One of the aspects of our big trip that has been quite obvious has been our reliance on the internet and also the lack of this essential broadband service in the outback.
We found this sign in "the" pub in Maree. The only cold beer that the pub had was in a bottle and they were awaiting their ice delivery for the week.
Granted it would cost the government a fortune to provide fast broadband to everyone in Australia, the reality is that Australia has many remote communities, indigenous and otherwise. Getting them connected to a reliable internet broadband service will change their lives forever. Not just from an education point of view but also from a health, financial and community point of view.
As a country we need to start to think creatively about services to ALL communities, rather than saying that it is all too hard and withdrawing support to these communities.

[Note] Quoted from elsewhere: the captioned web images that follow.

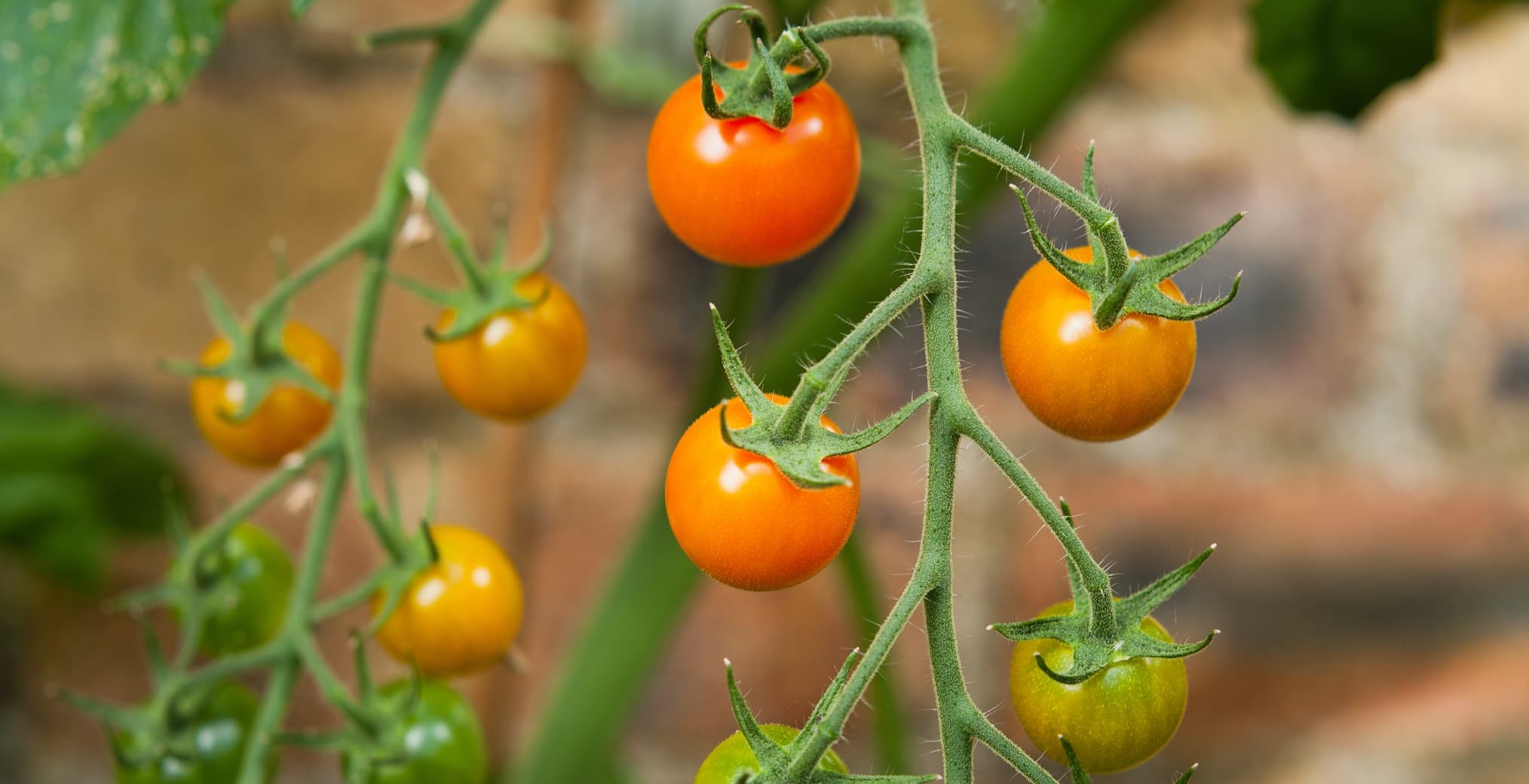 growing sungold tomato plants in containers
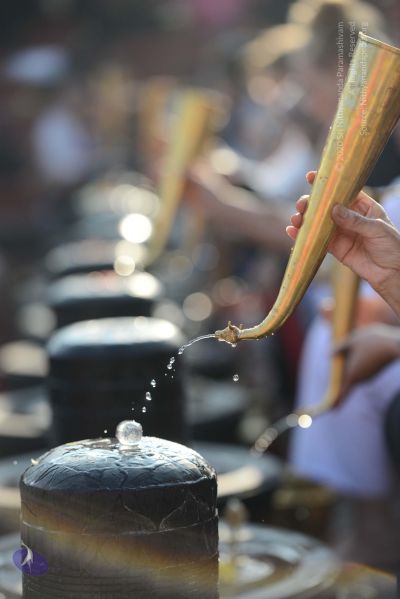 File:20161219 Photo 1055 1GyYPBOkRMwzamLp7RHB0shy7-632RVdf.JPG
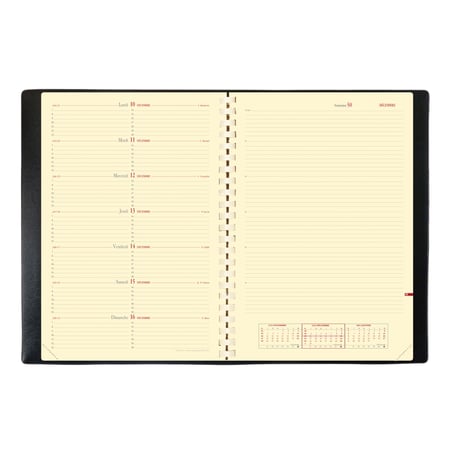media/pim/agenda-2012-note-29s-impala-plastique-graine-noir-3371010161539_5.jpg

It has been interesting to see how the influence of thinking outside the box has revealed tourism opportunities to facets of the outback that were long forgotten.
Increased services brings increased opportunities, and perhaps it is a socialist ideal that every school and community should have access to the same services. As a country we have the resources to do it. We are a rich nation who pays not enough tax for what we actually have. Our GST introduced in 2000 has not risen from 10% although an increase on services has increased.
Like it or not, the traditional industries that Australia relied such as farming and mining are dying. The knowledge economy is what will make this country strong. Remote schools should have access to more than the School of the Air to prepare their students for life in the 21st Century. Communities shouldn't have to shut up shop and move to the big cities to get these services.
Imagine if indigenous communities had the ability to converse in their native tongue between communities? Or perhaps they had the ability to share their culture nuances online with the world? What windows of opportunity would there be if we looked upon our first people as a blessing rather than a burden?